In this embodiment of the dispenser a spring-loaded valve 1005 has a head 1006 that seats on a seal ring 1007. The valve head may be translated away from seal 1007 by squeezing handle 1008, which is pivoted at shaft 1009 and, when squeezed, depresses actuator 1010 against spring 1011, moving valve 1005. Releasing the handle allows the valve to close again.

Flow of material from bottle 1003 is regulated by a flow cone 1012 which may be maintained at a fixed distance from seat 1013 by adjustment of a threaded screw stem by rotating knob 1015. The flow cone is urged away from seat 1013 by spring 1016.

In operation carbonated refreshener is placed into bottle 1003 and the dispenser 1001 is engaged on the bottle, sealing the bottle and its contents. Pressure will build in the bottle by the natural escape of gas from the refreshener fluid, and the pressurizing can be accelerated by shaking the bottle. A dispenser tube extends to near the bottom of the bottle, so pressure above the fluid in the bottle will tend to urge liquid up the tube, past flow cone 1012 (assuming adjusted open to some degree), and into volume 1018. When a user depresses handle 1008, valve 1005 opens, and fluid will flow from volume 1018 into space 1019 around the valve and out a side opening 1020. Each time the system is used, the pressure will drop, but escape of gas from the fluid over a short time period will increase the gas pressure for the next use.

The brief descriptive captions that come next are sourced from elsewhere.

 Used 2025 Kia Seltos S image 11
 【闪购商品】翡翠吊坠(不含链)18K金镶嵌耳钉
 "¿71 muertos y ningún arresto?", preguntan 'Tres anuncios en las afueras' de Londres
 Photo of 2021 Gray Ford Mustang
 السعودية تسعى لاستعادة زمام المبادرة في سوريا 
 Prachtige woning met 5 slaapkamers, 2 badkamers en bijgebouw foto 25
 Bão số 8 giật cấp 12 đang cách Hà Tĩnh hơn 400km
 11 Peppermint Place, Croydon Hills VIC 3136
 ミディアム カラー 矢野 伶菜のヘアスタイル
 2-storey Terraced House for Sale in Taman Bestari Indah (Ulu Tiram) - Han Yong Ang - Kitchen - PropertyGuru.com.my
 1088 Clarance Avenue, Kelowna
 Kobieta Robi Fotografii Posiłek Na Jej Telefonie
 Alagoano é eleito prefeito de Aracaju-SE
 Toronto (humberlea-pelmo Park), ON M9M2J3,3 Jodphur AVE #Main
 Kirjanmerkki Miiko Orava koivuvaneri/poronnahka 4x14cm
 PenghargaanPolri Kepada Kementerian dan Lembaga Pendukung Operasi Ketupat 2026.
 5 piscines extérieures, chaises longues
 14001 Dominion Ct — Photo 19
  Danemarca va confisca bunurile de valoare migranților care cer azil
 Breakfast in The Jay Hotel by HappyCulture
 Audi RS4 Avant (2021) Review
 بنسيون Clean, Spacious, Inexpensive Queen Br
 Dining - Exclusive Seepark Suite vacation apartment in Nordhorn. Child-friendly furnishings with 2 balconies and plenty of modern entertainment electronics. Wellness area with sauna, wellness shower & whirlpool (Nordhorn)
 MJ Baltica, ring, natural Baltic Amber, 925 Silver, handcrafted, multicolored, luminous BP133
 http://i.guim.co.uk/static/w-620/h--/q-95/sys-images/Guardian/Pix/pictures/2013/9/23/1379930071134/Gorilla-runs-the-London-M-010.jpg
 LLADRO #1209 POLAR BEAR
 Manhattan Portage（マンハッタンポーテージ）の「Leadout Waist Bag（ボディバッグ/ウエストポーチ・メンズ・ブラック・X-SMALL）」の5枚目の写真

There are a number of uses for the bottle and dispenser, among them dispensing carbonated refreshener for washing or rinsing the face and hands, and also for irrigating other body areas, such as a vagina rinse. For dispensing refreshener for the face and hands a simple tube will do. For irrigating the vagina with carbonated refreshener a tube with an overflow trough is provided. FIG. 11a illustrates a tube to connect at opening 1020 (FIG. 10) for use to dispense refreshener for the face and hands. An engagement interface 1102 is provided to fit snugly into opening 1020 (FIG. 10). The tube may be curved as shown for dispensing fluid. FIG. 11b illustrates a tube for vagina wash, having the same interface 1102 as tube 1101, and also having two reflow troughs 1104, amounting to grooves in the outside surface of the tube as well as a central passage, the reflow troughs allowing fluid to escape from the vagina with the tube inserted, to avoid pressurizing the space inside the vagina, which might injure internal organs.

It will be apparent to the skilled artisan that there are numerous changes that may be made in embodiments described herein without departing from the spirit and scope of the present invention. Many of these changes have already been detailed. Other features not described in this specification, but known to one skilled in the art may also be integrated as well, without departing from the spirit and scope of the present invention. The methods and accompanying solutions of the present invention should therefore be afforded the broadest possible scope under examination. As such, the invention taught herein by specific examples is limited only by the claims that follow.